Der Architekt Hans Waloschek (s. auch seinen Lebenslauf) war von März 1928 bis Oktober 1932 Leiter des Architekturbüros der GEWOG-Dresden (die Gemeinnützige Wohnungs- und Heimstätten-Gesellschaft für Arbeiter, Angestellte und Beamte m.b.H.) oder genauer, des "Baubüros Mitteldeutschland" der Muttergesellschaft DEWOG (die "Deutsche Wohnungsfürsorge Gesellschaft für Beamte, Angestellte und Arbeiter") mit Sitz in Berlin (s. Karl-Heinz Löwel). In dieser Zeit hat er für die GEWOG-Dresden Baupläne und andere Dokumente, oft zusammen mit Richard Rösch, verantwortlich unterzeichnet. Oft hat er auch ausdrücklich für die Bauleitung unterzeichnet, wie die wenigen heute noch erhaltenen Dokumente zeigen. Es geht daraus aber i.a. nicht eindeutig hervor, ob und wie weit er auch an den Entwürfen oder bei der Planung der Bauten selbst maßgeblich beteiligt war. Diesbezüglich sind wir auf Vermutungen, architektonische Einzelheiten und Erinnerungen angewiesen. Alle Unterlagen des GEWOG-Büros in Dresden, die vielleicht darüber Aufschluß geben könnten, wurden 1933 von den Nazis vernichtet. Bei der Nachfolgeorganisation der GEWOG, der 1939 gegründeten und nach dem Krieg in beiden Teilen Deutschlands (getrennt) weitergeführten „Neuen Heimat“, war auch nichts mehr darüber zu erfahren.
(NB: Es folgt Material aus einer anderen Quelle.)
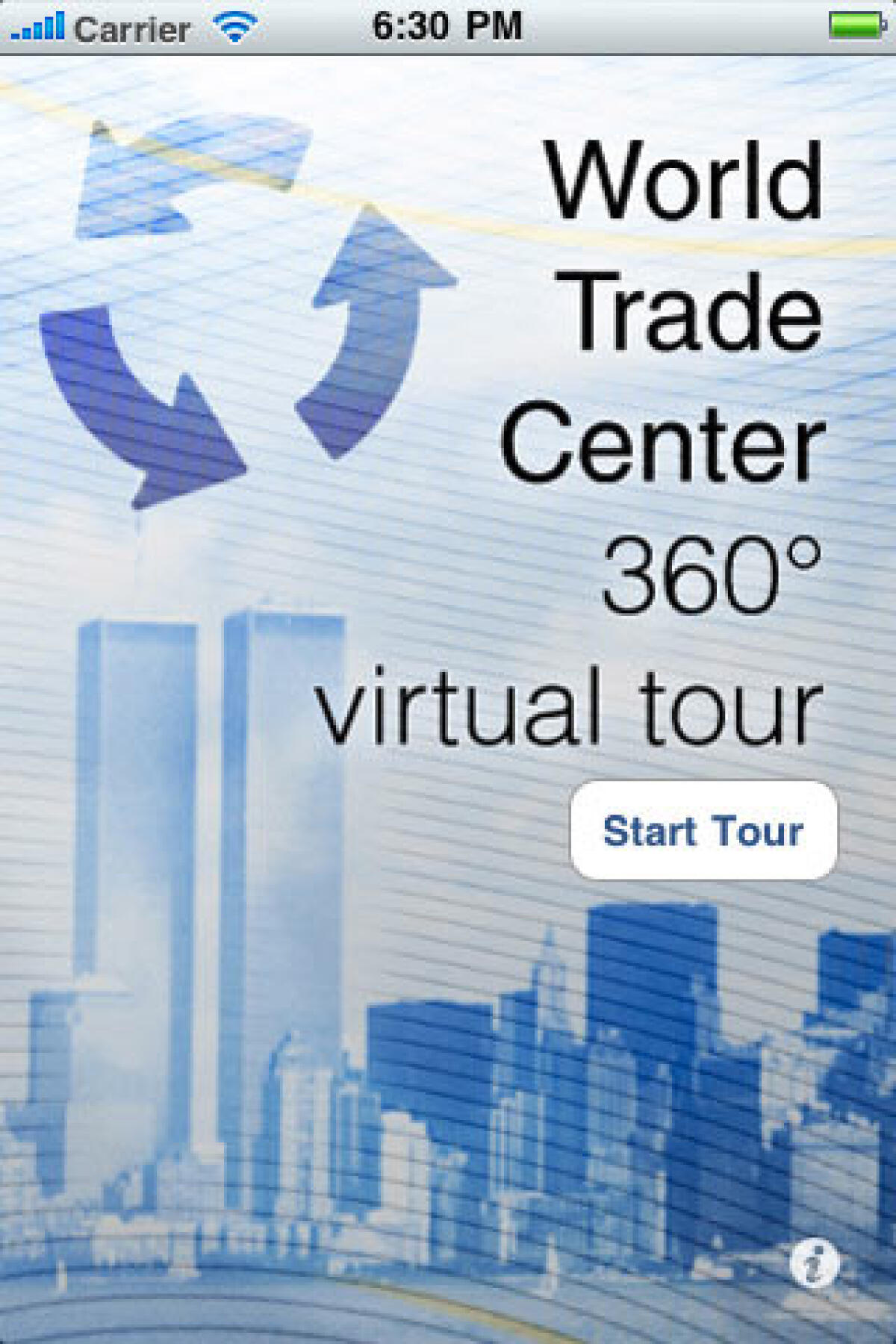 iPhone: arriva l'applicazione World trade center virtual tour 360° dedicata alle Torri Gemelle -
In seinen Erzählungen hat Hans Waloschek später oft die "Sonnenlehne-Häuser" an der Schützenhofstraße, die genau geplanten Wohnungen der Häuserblocks in der Siedlung Trachau und in Meißen und die bis ins kleinste Detail ausgearbeiteten Einrichtungen des Volkshauses Riesa und seiner Fassade stolz und mit Begeisterung erwähnt und einige Fotos davon gezeigt. Diese Äußerungen haben Verwandte und Freunde zu dem Schluß geführt, das Hans Waloschek der planende Architekt dieser Gebäude war. Ein bei der GEWOG geplantes Projekt "Löbtau" hat er auch oft genannt (ein Auftrag, der von den Nazis storniert wurde). Es konnte aber bis jetzt nicht lokalisiert werden.
Über die Siedlungshäuser in Wölfnitz und Coschütz und über den langen Wohnblock neben dem Volkshaus Riesa hat Hans Waloschek dagegen so wenig berichtet, daß wir erst durch die Untersuchungen von Karl-Heinz Löwel über ihre Existenz und über ihre Zuordnung zur GEWOG-Dresden erfahren haben. Laut Herrn Löwel sprechen nicht nur die unterzeichneten Dokumente sondern auch einige architektonische Details (z.B. die Dachfirste der Giebeldachhäuser oder die Balkone der Häuserblocks) für die "Handschrift" des Hans Waloschek. Auch die recht komplizierte Aufteilung der Detailplanung der Großsiedlung Trachau auf die beteiligten Architekten basiert z.T. auf solche Details.
Es sind bis jetzt keine weiteren Bauten der GEWOG-Dresden aus den Jahren 1928 bis 1932 bekannt, es ist aber durchaus möglich, daß noch weitere existierten oder mit Siedlerverbänden oder Komunen in der Planung waren. Wenig wahrscheinlich erscheint es dagegen, daß der junge Architekt Hans Waloschek (geb. 1899) neben den schon erwähnten Vorhaben damals noch weitere Bauten planen oder leiten konnte. Schon die Großsiedlung Trachau mußte ja auf mehrere Architekturbüros verteilt werden.